Although fiction podcasts might seem like a fresh and novel concept, their history dates back almost a century—to the golden age of old-time radio.

In a recent article, we discussed how the unexpected success of Serial led to massive interest in the podcasting medium. Over the last few years, thousands of podcasts have been created across a huge range of genres and formats—there are podcasts about entrepreneurship, health and wellness, psychology, economics, crime, sports. There are even podcasts about podcasts, and the list goes on.

But there’s one genre in particular that storytellers and listeners alike have flocked to in recent years: fiction podcasts (also known as audio dramas). Some shows even feature well-known television actors—Gimlet Media’s Homecoming features Oscar Isaac, David Schwimmer, Amy Sedaris and David Cross.

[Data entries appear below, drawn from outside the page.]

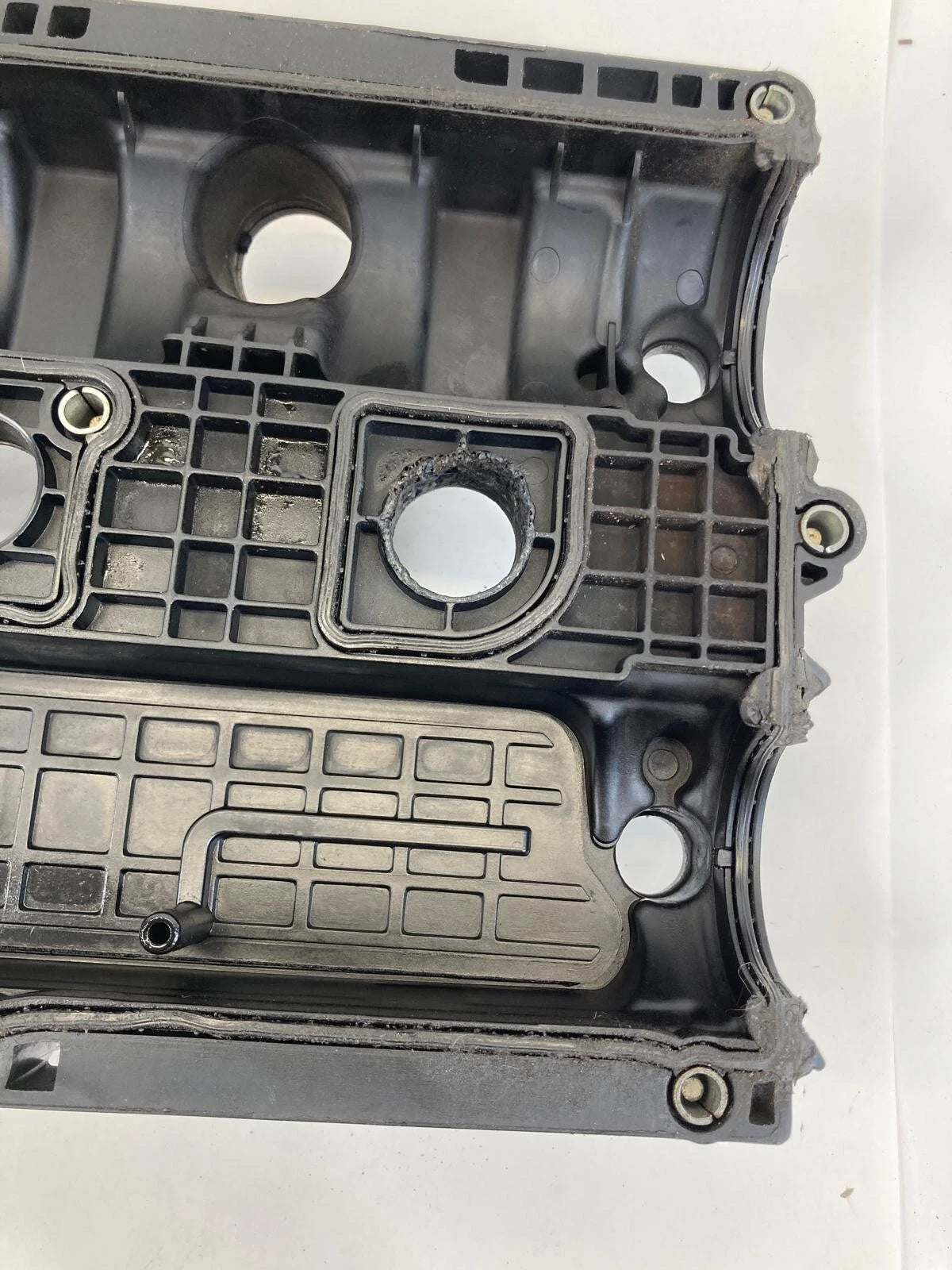 2015-2018 FORD EDGE 2.0L. 2.3L TOP ENGINE VALVE COVER CYLINDER HEAD GB5E-6K271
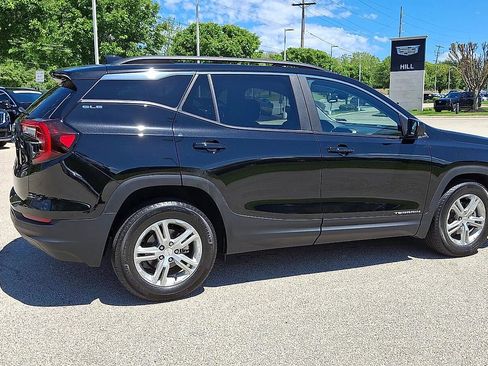 Certified 2023 GMC Terrain SLE w/ Driver Convenience Package FWD image 9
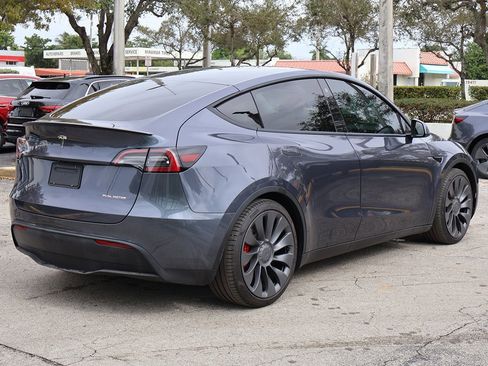 Used 2023 Tesla Model Y Long Range image 10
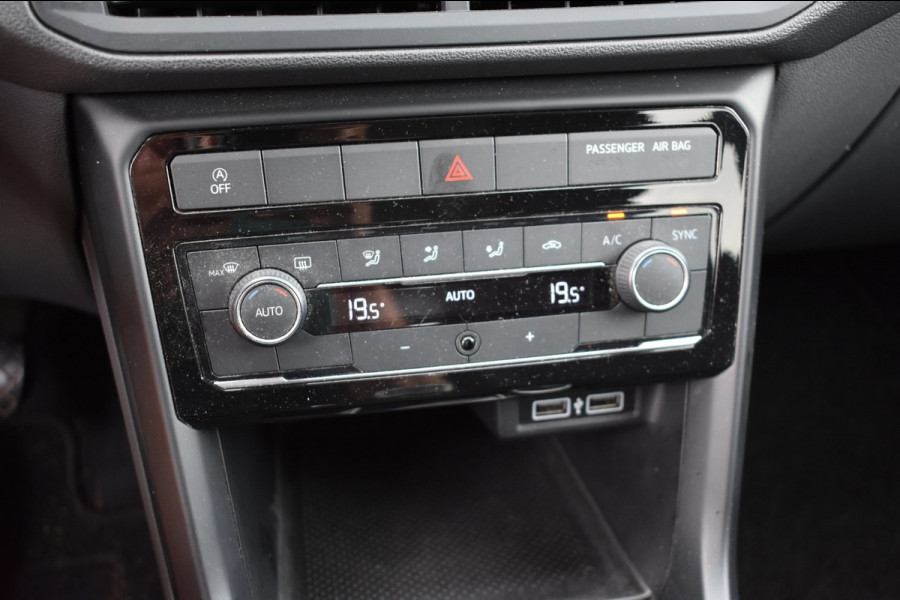 Volkswagen T-Cross 1.0 TSI Life | CAMERA | TREKHAAK | APPLE CARPLAY | ANDROID AUTO | BLINDSPOT | NAP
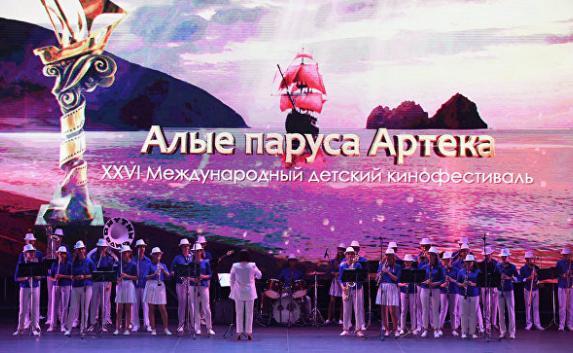 На ЮБК открыли кинофестиваль «Алые паруса Артека» (фото)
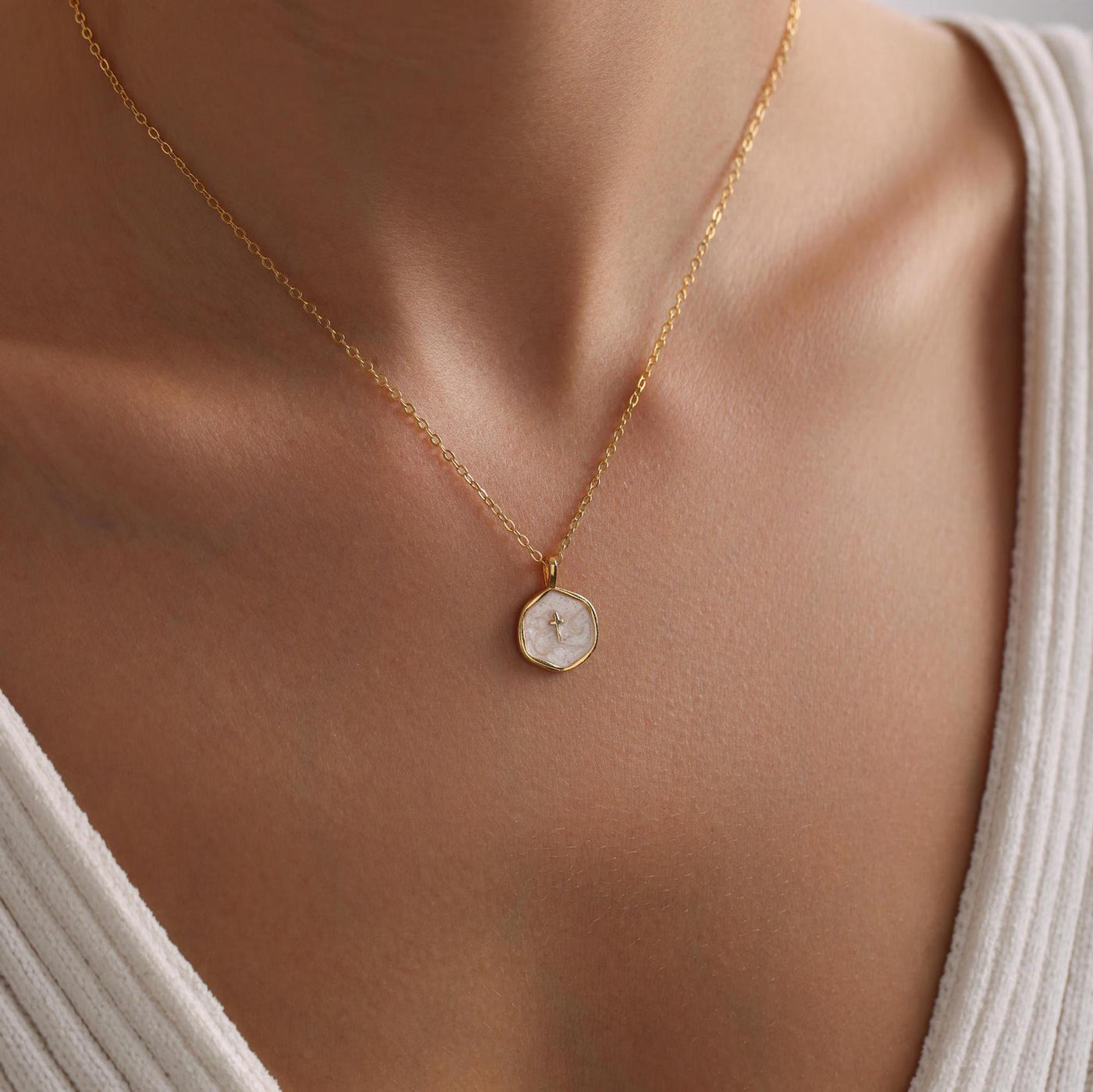 18K Gold Vacker Cross Necklace – Waterproof, Hypoallergenic & Timeless Design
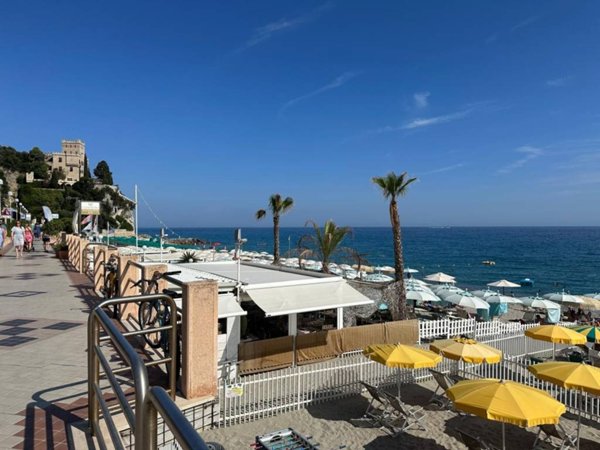 appartamento in vendita a Finale Ligure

People made a big deal when big name actors migrated from movies to television—the move to radio seems like an even bigger jump.

Although fiction podcasts might seem like a fresh and novel concept, their history dates back almost a century—to the golden age of old-time radio. In this article, we’ll look at the history of drama on the radio, and explore how one of the oldest forms of entertainment has come full circle.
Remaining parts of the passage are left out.